Screen Shot 2015-10-18 at 7.22.44 PM

What the bar chart looks like; you can scroll down it for miles! The breakdown of the legend is: dark blue for base pay, orange for permanent bonus pay, green for longevity bonus pay, turquoise for temporary bonus pay, red for overtime, royal blue for lump sum pay, and yellow for other pay and/or adjustments.

As one can see, it’s definitely a lot to take in, but the use of the legend definitely made this dataset a little more easy to understand. Furthermore, the estimates of pay constitute as records within this dataset; data has been arranged and categorized accordingly, such as the payment that applies to pilots, but taken farther by description such as “chief port pilots” and just “port pilots.” Interestingly, chief port pilots make the most pay out of all government jobs; their base pay alone is about $277,000! Another reason why this is a record is that the data set is supposedly counting yearly payment, so information had been researched and noted over a course of time; in this case, from the years of 2011 to 2014.

The dataset’s ontology is similar to what Wallack and Srinivasan described as “a descriptive and classifying system” which negotiate the limitations of two or more groups.  The dataset is certainly structured in a sense that allows for any sort of information to be arranged so that it is more user-friendly. The application of a bar chart only highlights the link between each group, such as the types of pay, with the type of job, falling under a total pay amount for the year.  I would say that many people would find this data most useful; however, this will absolutely come in handy for those trying to research the city’s top earners and why. Why is it that the top earner is a chief port pilot versus a firefighter? Could it be the different training needed, or employment rates for each job? Such questions like these can be something one may ask when looking for answers using this dataset. It also tells the phenomena of how a job market in a specific area is subject to change over the years. Looking at this dataset, one can tell the demand for a category from another just by pay alone.

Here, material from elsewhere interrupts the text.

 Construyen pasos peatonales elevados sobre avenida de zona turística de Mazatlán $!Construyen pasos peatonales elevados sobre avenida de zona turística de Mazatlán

What gets left out, however, are additional information that may be even more useful such as how the pay is for part time, or the amount of people they surveyed for one category. Why certain jobs are paid more in bonuses or base pay is also up for question.

If i was starting over with data-collection, I would want to do somewhat of the same ontology that this set has used; charts are just so great in how it visualizes data and maintains organization of it! But I will say that if I were someone else, I would probably look for another way to display the dataset, like a map of where different workers are located that might explain a difference in types of pay, or a little description beside each job that explains what they do. In general, however, the Top Earners dataset on the LA Controller’s Office site is well put together and thought out, and it’s nice to see that a set like this is available for public use.

 

 

LA Controller’s Office: What We Buy

The L.A. Controller’s Office provides data for the big purchases made by the city on its What We Buy data cards. The data shows 15 items that city spends the most money on in descending order, staring with a twin-turbine helicopter that cost $12.3 million, down to $129,218 spent on frozen rats for reptiles at the L.A. Zoo.

Screen Shot 2015-10-18 at 7.28.53 PM

Clicking on a card provides more information – data on what the items are, why the city buys them, and a “Did you know” section for relevant facts. From these cards, you learn that the data was collected from July 1, 2011 to June 30, 2014. This was especially helpful for something like the L.U.S.T. tax, where it is not common knowledge what the category is or why spending money on it would be necessary.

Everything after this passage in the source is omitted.